Die Luft ist angenehm kühl. Wie dünne, seidene Schleier liegen die Wolken in der Luft. Sie verhüllen den Mond, erhellen fleckenweise den tiefschwarzen Himmel der Nacht. Die Atmosphäre auf dem Gelände der Alliance Française ist ungewohnt. Sie wirkt ruhig, gesittet, irgendwie fanzösisch. Die Leute stehen in kleinen Gruppen, unterhalten sich höflich, trinken Alkohol, versuchen sich für die Blicke der Anderen zu amüsieren.
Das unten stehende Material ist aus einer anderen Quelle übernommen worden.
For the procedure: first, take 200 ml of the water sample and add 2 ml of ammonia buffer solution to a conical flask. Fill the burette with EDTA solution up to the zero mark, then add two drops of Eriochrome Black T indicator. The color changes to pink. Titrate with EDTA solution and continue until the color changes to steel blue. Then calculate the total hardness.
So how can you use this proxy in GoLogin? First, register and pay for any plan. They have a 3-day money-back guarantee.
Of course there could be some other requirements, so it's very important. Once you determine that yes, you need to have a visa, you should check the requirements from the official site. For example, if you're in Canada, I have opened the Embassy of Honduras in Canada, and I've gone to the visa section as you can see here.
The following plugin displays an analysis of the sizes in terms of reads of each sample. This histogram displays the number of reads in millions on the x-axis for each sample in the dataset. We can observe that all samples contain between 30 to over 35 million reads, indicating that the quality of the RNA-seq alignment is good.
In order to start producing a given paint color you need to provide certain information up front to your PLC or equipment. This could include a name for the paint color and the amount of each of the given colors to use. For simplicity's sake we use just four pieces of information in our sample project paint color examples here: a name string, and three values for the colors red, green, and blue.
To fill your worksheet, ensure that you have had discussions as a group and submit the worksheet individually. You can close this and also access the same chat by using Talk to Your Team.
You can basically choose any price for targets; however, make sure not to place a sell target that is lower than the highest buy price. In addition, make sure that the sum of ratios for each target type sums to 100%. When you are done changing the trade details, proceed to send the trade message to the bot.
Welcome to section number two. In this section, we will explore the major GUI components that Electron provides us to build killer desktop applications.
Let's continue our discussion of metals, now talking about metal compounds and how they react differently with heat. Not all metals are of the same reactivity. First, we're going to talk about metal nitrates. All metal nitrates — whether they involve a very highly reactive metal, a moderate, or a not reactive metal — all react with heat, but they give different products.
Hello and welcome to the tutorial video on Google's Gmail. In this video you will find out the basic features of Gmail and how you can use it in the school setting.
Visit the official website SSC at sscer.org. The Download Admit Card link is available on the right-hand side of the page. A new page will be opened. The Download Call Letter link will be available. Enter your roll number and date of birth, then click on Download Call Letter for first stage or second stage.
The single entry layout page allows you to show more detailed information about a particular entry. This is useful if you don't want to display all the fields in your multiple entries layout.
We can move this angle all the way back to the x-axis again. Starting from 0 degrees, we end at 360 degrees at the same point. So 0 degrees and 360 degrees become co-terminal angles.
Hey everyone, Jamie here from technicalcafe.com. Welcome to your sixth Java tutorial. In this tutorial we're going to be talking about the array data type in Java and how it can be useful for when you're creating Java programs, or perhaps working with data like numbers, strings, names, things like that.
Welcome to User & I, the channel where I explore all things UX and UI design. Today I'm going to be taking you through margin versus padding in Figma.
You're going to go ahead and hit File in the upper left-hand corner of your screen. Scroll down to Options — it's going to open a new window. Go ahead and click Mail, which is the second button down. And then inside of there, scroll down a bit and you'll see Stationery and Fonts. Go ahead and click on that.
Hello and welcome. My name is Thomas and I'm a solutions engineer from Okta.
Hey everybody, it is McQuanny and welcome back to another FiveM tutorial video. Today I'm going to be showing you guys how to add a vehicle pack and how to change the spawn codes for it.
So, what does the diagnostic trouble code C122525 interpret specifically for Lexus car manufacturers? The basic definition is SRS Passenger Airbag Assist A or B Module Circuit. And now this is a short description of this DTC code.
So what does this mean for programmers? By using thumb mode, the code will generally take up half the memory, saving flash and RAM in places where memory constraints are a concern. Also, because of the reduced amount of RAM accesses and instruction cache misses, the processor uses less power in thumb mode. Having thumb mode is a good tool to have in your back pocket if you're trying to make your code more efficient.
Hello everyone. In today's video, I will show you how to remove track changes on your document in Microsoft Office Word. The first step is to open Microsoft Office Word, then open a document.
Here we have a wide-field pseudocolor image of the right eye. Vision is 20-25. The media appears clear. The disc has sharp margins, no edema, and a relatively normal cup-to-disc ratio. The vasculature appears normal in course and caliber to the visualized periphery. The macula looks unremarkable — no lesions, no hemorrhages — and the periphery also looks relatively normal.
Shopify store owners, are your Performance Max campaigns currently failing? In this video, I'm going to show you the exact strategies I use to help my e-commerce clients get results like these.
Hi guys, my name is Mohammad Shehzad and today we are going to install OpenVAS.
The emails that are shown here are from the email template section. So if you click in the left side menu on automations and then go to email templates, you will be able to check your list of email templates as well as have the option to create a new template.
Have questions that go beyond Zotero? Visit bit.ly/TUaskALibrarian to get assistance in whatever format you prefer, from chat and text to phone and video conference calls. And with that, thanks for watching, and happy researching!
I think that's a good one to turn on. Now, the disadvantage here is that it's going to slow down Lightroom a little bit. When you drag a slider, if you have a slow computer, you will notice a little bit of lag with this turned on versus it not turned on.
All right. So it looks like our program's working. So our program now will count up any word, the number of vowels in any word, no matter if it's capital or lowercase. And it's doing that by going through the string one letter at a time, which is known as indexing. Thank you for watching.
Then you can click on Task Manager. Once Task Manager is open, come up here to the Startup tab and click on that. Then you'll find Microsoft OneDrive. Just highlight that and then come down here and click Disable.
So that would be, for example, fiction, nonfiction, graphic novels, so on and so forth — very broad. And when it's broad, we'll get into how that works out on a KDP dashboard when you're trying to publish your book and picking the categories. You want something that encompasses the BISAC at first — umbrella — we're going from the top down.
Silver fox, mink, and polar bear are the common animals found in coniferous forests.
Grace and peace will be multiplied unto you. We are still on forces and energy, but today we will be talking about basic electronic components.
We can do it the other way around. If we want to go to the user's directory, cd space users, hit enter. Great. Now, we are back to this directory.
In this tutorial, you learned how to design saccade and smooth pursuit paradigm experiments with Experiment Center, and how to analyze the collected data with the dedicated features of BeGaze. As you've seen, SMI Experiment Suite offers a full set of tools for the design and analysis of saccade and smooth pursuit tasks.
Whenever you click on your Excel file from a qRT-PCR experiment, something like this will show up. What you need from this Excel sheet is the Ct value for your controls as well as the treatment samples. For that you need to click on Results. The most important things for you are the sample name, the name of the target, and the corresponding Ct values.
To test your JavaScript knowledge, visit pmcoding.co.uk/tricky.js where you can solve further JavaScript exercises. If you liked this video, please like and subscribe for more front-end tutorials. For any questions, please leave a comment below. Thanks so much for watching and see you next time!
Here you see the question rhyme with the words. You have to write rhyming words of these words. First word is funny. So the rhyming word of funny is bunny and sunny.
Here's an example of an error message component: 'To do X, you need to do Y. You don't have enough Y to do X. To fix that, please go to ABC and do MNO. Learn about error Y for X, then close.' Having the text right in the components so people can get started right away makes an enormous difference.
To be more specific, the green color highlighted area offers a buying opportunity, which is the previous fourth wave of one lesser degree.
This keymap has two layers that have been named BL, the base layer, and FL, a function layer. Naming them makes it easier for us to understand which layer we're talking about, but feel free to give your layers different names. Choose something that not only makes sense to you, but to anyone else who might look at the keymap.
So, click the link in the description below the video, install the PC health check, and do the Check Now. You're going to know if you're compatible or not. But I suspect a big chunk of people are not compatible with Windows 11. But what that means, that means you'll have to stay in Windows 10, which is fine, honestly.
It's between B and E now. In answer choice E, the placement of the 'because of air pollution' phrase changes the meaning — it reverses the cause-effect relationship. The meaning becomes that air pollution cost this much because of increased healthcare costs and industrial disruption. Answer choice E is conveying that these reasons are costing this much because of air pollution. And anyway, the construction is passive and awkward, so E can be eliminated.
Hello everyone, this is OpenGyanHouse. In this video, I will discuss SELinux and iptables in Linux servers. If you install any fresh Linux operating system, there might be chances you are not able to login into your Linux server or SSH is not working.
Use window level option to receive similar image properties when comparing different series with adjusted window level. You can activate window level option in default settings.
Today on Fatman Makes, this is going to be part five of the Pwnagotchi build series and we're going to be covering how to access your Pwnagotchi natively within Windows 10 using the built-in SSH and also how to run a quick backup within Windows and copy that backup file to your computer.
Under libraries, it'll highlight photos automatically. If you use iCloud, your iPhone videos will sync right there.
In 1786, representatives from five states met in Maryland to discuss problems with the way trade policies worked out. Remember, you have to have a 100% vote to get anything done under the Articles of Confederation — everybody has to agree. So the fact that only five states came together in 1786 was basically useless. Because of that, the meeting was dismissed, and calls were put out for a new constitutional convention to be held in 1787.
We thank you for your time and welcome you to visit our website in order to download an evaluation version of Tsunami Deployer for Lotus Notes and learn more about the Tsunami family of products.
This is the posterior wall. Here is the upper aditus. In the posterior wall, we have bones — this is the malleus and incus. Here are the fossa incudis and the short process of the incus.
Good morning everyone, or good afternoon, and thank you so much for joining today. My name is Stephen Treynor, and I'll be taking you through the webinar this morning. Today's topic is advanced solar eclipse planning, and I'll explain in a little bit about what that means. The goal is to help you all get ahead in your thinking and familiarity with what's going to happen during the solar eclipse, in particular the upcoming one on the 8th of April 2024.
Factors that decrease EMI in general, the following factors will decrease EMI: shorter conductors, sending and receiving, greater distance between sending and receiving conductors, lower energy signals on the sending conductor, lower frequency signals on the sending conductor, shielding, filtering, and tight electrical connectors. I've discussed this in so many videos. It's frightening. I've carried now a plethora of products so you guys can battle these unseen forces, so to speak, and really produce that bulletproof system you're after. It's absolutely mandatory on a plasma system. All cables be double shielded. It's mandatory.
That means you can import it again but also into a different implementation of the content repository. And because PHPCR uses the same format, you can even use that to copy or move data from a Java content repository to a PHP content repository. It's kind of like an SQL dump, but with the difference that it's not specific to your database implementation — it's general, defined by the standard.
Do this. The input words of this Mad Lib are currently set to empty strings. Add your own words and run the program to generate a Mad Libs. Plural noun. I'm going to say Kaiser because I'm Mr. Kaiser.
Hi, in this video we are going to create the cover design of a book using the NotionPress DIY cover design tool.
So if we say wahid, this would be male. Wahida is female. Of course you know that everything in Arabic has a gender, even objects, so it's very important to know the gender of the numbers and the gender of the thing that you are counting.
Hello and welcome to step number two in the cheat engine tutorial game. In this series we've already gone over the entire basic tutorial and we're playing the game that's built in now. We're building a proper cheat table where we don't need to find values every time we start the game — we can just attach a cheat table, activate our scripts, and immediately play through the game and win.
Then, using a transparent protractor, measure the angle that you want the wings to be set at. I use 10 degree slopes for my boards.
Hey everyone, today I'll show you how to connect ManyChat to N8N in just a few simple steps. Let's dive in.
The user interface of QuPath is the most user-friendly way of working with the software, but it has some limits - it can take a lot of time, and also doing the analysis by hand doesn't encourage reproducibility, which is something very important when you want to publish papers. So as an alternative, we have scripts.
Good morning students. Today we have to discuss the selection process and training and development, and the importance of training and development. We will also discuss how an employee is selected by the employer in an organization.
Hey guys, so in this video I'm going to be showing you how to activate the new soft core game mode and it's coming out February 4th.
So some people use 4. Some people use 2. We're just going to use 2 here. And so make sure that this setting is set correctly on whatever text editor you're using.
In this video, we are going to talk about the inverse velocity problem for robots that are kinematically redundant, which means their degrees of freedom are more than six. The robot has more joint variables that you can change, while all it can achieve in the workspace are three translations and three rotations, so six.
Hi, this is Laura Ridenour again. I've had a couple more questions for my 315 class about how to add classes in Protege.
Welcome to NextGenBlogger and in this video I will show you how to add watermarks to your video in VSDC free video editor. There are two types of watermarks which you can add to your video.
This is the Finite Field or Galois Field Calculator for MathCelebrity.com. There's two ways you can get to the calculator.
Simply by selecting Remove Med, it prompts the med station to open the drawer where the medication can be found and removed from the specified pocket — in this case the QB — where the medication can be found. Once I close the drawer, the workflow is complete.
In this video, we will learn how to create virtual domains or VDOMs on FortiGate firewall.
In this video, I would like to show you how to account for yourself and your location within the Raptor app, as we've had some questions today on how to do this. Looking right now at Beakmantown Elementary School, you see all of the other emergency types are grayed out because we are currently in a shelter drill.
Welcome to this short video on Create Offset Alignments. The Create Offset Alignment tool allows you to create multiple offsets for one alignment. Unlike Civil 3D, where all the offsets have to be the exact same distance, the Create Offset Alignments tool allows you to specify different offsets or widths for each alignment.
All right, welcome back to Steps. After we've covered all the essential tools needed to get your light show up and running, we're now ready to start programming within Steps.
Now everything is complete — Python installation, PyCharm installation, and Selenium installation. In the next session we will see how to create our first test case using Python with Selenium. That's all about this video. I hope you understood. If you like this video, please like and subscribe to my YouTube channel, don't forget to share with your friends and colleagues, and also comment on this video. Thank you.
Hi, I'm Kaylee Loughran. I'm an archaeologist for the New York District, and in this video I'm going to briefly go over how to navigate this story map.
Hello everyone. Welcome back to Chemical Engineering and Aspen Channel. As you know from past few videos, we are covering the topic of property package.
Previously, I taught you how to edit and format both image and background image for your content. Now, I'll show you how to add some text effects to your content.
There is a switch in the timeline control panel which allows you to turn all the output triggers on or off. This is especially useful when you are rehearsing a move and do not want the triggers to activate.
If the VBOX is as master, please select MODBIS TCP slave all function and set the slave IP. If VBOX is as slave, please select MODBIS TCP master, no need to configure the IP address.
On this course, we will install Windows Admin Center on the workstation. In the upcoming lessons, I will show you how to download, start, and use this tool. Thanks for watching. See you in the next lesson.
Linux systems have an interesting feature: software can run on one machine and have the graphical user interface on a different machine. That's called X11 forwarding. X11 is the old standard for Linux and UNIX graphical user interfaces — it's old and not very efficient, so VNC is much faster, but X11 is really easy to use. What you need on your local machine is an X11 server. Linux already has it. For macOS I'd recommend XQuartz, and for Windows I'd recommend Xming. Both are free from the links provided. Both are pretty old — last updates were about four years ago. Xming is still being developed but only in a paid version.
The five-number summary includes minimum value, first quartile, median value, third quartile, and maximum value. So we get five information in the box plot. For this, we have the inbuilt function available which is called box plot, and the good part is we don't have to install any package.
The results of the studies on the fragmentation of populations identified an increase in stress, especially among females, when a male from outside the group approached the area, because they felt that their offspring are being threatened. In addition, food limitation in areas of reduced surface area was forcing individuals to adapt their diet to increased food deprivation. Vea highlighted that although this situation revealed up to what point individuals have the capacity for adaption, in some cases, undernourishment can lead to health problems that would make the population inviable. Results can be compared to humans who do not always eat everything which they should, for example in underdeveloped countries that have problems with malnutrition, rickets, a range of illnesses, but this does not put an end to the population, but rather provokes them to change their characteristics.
Im Hintergrund des Gemurmels läuft angenehmer Ambient Sound, der mich aus Ghana in sommerliche Nächte heimischer Welten versetzt.

Dann kommt sie auf die Bühne, klein und unscheinbar, dunkel gekleidet. Sie setzt sich ans Mikrofon, legt die Finger an die Saiten ihrer E-Gitarre, schließt die Augen. Man hört ihren Atem. Mit dem ersten Ton holt sie mich aus der Menge zu sich, zu ihrer Mother Afrika.

Also haltet endlich die Klappe und lauscht! Diese Frau hat etwas zu sagen.